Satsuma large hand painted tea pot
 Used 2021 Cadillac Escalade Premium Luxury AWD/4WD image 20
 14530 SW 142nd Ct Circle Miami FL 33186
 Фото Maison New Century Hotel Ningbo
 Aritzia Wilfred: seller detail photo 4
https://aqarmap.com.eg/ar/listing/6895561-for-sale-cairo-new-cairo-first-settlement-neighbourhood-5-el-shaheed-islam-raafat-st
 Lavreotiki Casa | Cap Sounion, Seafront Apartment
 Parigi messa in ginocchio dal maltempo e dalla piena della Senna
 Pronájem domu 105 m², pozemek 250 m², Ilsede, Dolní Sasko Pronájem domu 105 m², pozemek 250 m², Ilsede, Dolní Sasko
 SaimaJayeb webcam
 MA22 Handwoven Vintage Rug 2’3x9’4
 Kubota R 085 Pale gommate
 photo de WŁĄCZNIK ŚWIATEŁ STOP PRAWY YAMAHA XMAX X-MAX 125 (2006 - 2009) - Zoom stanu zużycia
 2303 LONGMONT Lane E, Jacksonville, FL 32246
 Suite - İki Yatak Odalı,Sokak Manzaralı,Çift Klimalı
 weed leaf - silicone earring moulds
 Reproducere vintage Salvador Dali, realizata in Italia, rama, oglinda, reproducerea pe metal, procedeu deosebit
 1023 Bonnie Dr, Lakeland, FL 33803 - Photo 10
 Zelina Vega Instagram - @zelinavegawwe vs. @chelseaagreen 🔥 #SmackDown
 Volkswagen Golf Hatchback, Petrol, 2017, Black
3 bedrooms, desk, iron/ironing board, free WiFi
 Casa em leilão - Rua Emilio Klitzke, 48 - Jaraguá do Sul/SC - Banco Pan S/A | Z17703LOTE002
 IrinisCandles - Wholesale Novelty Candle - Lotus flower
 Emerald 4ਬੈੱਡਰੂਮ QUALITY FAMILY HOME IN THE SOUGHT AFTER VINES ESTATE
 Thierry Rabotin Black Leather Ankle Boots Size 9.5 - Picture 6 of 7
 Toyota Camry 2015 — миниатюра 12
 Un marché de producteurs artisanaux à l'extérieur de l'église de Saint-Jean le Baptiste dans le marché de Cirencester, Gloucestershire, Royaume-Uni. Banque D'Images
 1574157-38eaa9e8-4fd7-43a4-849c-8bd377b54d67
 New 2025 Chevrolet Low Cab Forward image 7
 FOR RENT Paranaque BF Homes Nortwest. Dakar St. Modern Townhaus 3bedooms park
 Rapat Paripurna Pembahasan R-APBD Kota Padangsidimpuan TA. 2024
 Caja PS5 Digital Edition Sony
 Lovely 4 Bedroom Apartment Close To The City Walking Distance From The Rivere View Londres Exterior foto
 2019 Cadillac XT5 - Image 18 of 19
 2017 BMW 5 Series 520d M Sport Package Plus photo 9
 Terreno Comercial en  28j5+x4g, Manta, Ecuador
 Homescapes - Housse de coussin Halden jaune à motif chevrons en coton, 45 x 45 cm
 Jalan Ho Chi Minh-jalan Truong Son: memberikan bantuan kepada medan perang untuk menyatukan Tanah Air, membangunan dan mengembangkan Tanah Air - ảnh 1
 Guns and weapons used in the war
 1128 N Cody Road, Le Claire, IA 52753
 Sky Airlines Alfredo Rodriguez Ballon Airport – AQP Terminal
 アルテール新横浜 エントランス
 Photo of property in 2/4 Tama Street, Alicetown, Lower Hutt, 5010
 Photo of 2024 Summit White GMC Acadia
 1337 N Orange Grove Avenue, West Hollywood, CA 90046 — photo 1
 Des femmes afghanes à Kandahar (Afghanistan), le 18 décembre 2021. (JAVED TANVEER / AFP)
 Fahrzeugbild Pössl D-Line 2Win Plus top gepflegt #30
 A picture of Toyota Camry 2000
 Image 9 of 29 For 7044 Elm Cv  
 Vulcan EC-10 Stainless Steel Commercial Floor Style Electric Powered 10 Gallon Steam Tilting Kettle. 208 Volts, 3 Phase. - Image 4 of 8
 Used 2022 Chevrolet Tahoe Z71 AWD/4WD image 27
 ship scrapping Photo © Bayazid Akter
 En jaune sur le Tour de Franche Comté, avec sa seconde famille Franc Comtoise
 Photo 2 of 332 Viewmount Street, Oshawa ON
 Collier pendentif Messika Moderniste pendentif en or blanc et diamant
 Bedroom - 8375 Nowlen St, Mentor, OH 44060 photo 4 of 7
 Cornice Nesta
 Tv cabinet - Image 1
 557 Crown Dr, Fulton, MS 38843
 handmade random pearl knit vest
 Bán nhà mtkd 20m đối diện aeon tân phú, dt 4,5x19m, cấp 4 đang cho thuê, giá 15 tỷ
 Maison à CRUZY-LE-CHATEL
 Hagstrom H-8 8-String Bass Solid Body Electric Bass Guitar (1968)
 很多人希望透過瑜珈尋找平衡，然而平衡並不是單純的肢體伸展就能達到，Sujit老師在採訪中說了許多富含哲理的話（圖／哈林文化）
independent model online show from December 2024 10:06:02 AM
================
## PROBLEM DESCRIPTION:
Scan the records above for the string "Plus", then select every line that holds it.

## COMPLETED EXERCISE:
 2017 BMW 5 Series 520d M Sport Package Plus photo 9
 Fahrzeugbild Pössl D-Line 2Win Plus top gepflegt #30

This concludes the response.